> **WORK ITEM**: Within the entries below, please retype exactly the lines starting with the line that has "May include: A" and going on through the line that has "7月11日，瀏陽(yán", but not the pictures.
*** RECORDS PROVIDED Section Begins ***
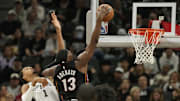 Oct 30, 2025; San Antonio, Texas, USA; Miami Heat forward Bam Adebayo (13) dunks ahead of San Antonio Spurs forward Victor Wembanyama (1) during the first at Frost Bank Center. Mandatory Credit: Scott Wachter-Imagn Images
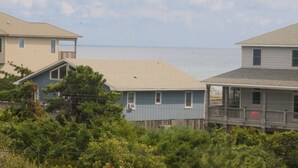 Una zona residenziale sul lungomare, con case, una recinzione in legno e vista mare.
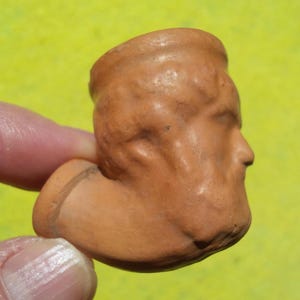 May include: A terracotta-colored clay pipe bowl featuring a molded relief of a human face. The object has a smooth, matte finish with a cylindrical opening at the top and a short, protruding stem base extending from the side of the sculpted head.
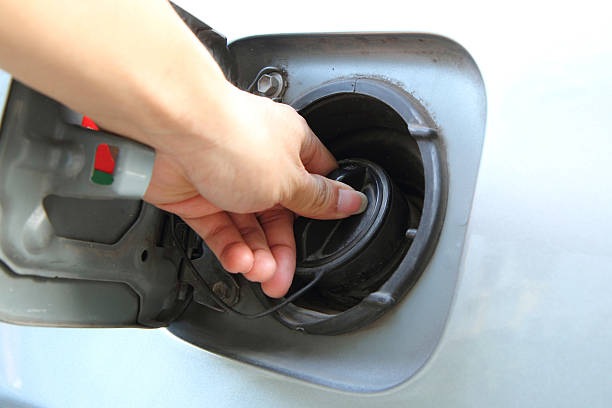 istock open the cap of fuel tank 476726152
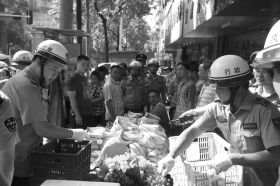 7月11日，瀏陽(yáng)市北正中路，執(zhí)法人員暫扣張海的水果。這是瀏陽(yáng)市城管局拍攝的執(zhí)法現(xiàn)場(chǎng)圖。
*** RECORDS PROVIDED Section Ends ***
*** RECORDS PROVIDED Section Begins ***
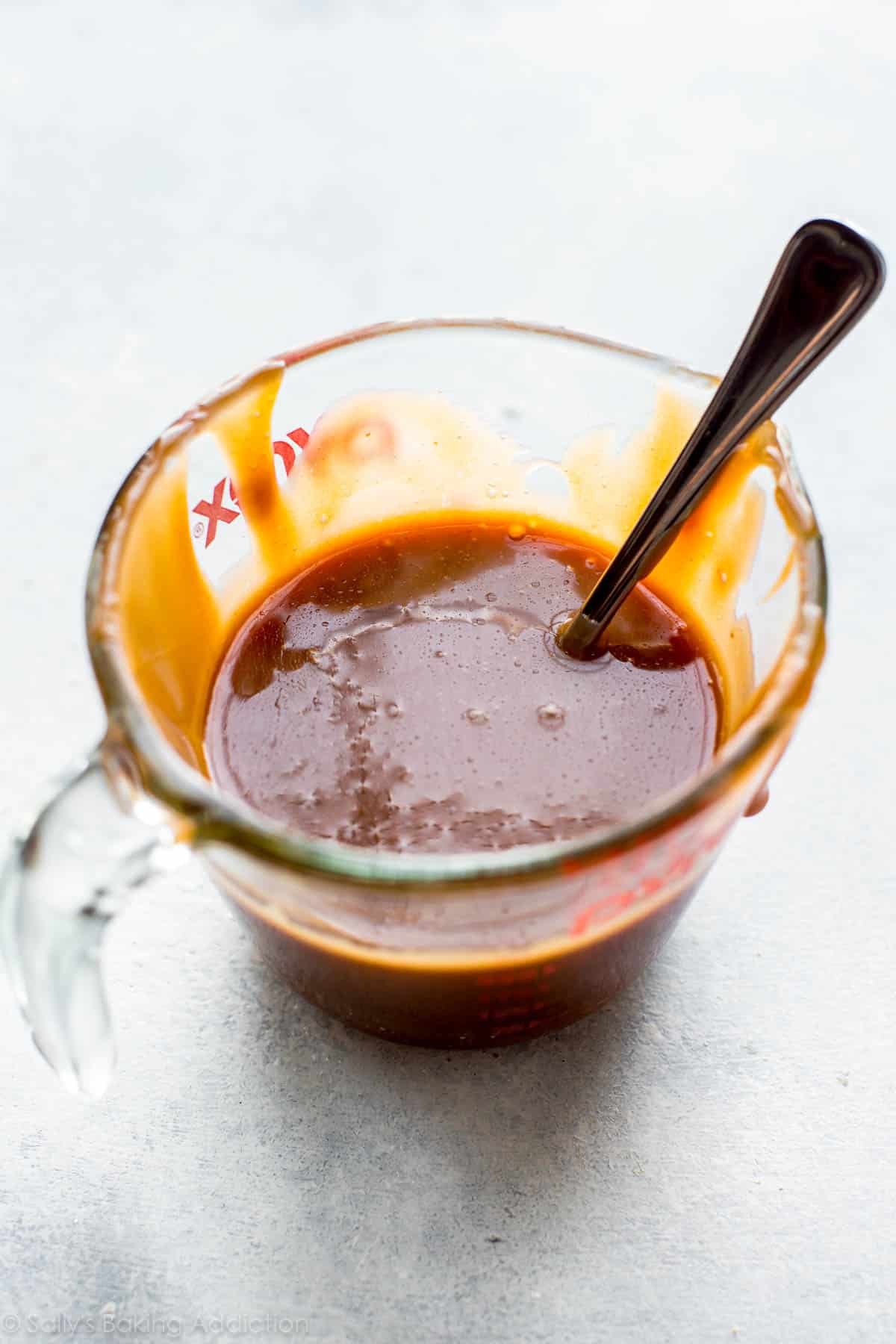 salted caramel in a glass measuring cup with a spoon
*** RECORDS PROVIDED Section Ends ***
> **ANSWER SECTION**:
 May include: A terracotta-colored clay pipe bowl featuring a molded relief of a human face. The object has a smooth, matte finish with a cylindrical opening at the top and a short, protruding stem base extending from the side of the sculpted head.
 istock open the cap of fuel tank 476726152
 7月11日，瀏陽(yáng)市北正中路，執(zhí)法人員暫扣張海的水果。這是瀏陽(yáng)市城管局拍攝的執(zhí)法現(xiàn)場(chǎng)圖。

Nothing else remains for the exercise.